Molecular weight is 68.99527
Stock solution is 0.020 mmol/L
Volume is 1mL

What is the nmole value? and how do I work it out?
Submitted: 5 years ago.
Category: Homework
Expert:  R.R. Jha replied 5 years ago.

Number of moles
= Molarity x Volume
= (0.020 mmol/L) x (0.001 L)
= 0.00002 mmol
= 0.02 nmol

Let me know if any question.

Please click Accept
Customer: replied 5 years ago.

is that the correct calculation to answer the following?

"determine the activity of NO3 reductase in leaf tissue as nmoles NO2 produced per minute per gram of tissue"?

As I was under the impression this question was asking about mass rather than concentration?

Expert:  R.R. Jha replied 5 years ago.
I guess you wish to convert nmoles to mass.

= number of moles x Molecular weight
= (0.02*10^-9 mol) x 68.99527 g
= 1.38 nanogram
Customer: replied 5 years ago.

Last question and I will accept answer.


Is nanogram the same as nmol?


I am very confused as to what the question is asking?

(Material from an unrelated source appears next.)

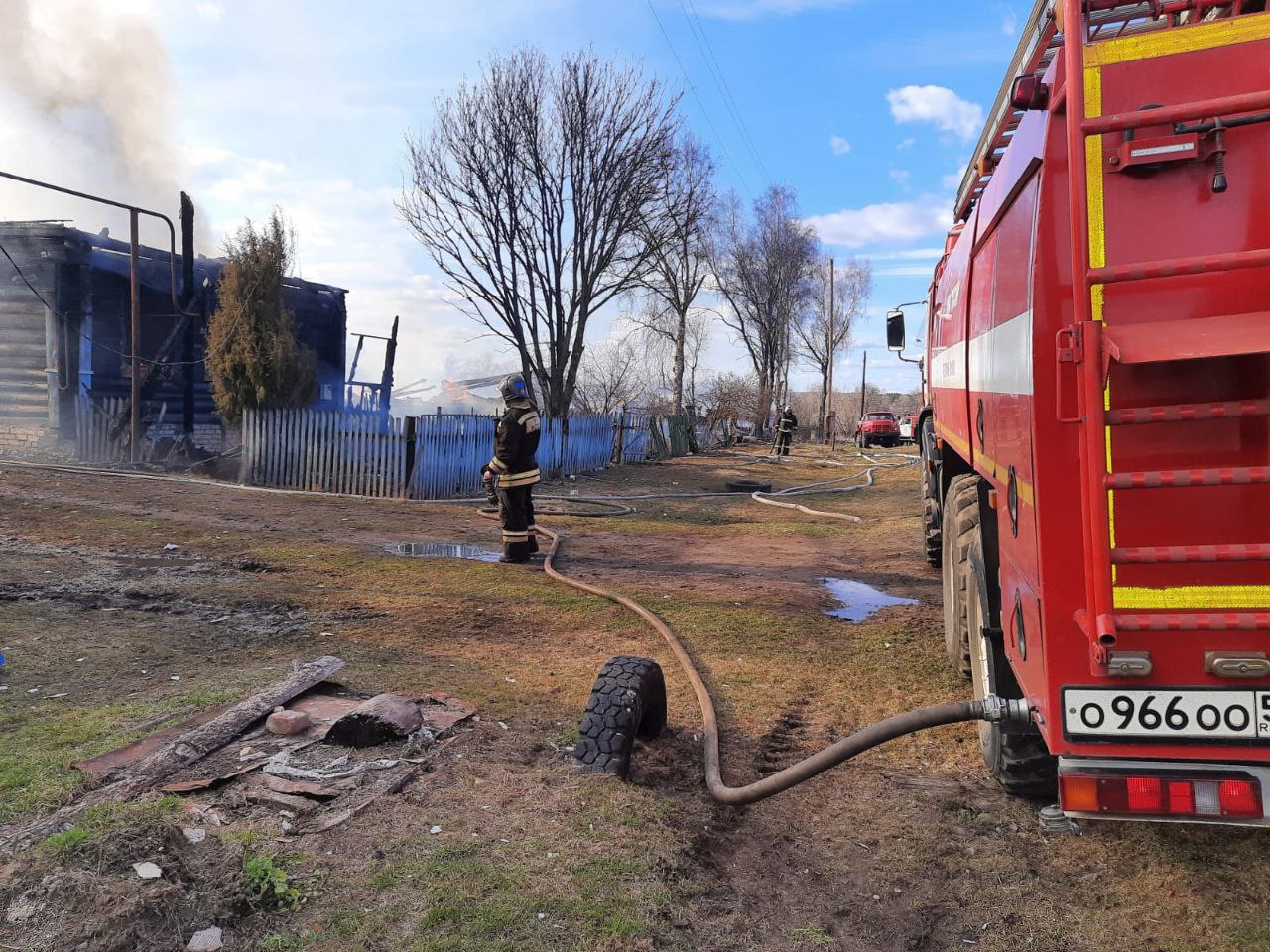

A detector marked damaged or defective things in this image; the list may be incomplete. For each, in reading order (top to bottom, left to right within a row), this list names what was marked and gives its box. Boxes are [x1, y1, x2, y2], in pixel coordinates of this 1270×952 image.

burned wooden house [0, 222, 347, 456]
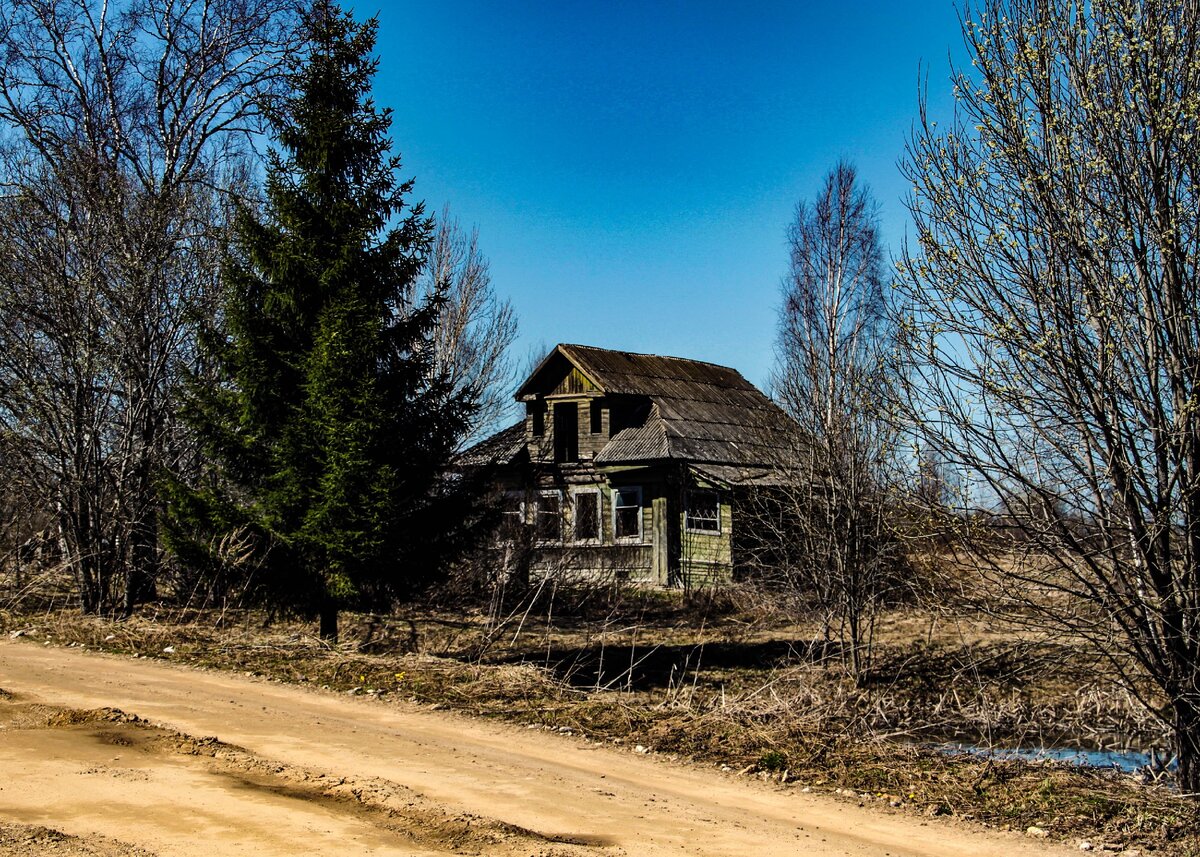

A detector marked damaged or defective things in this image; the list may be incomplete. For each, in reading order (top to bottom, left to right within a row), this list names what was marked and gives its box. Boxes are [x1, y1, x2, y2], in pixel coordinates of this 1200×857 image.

broken window [616, 484, 644, 540]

I created a standard curve in mmol/L but I need to plot absorbance against nmoles not mmol/L is this a mass or a concentration?


Thanks for your time

Expert:  R.R. Jha replied 5 years ago.
nmol is a numeric unit to count number of entities, just like hundreds, thousands, or millions.
1 nmol = 6.022 x 10^14

Nanogram is unit of weight.
1 nanogram = 10^-9 grams

mmol/L is a concentration, as it defines number of entities per litre of solution.
nmoles is just number of entities (atoms, ions or molecules).

Customer: replied 5 years ago.

So how do I calculate nmol from mmol/L?


Is it the first reply you sent, or the second?

Expert:  R.R. Jha replied 5 years ago.
It was the first answer I posted above.
It's easy to see that if volume is 1 mL, number of mmol/L is same as number of nmol.
Customer: replied 5 years ago.



I've really tied myself in knots with this one and I know it should be so easy just cannot get my head round it.



Expert:  R.R. Jha replied 5 years ago.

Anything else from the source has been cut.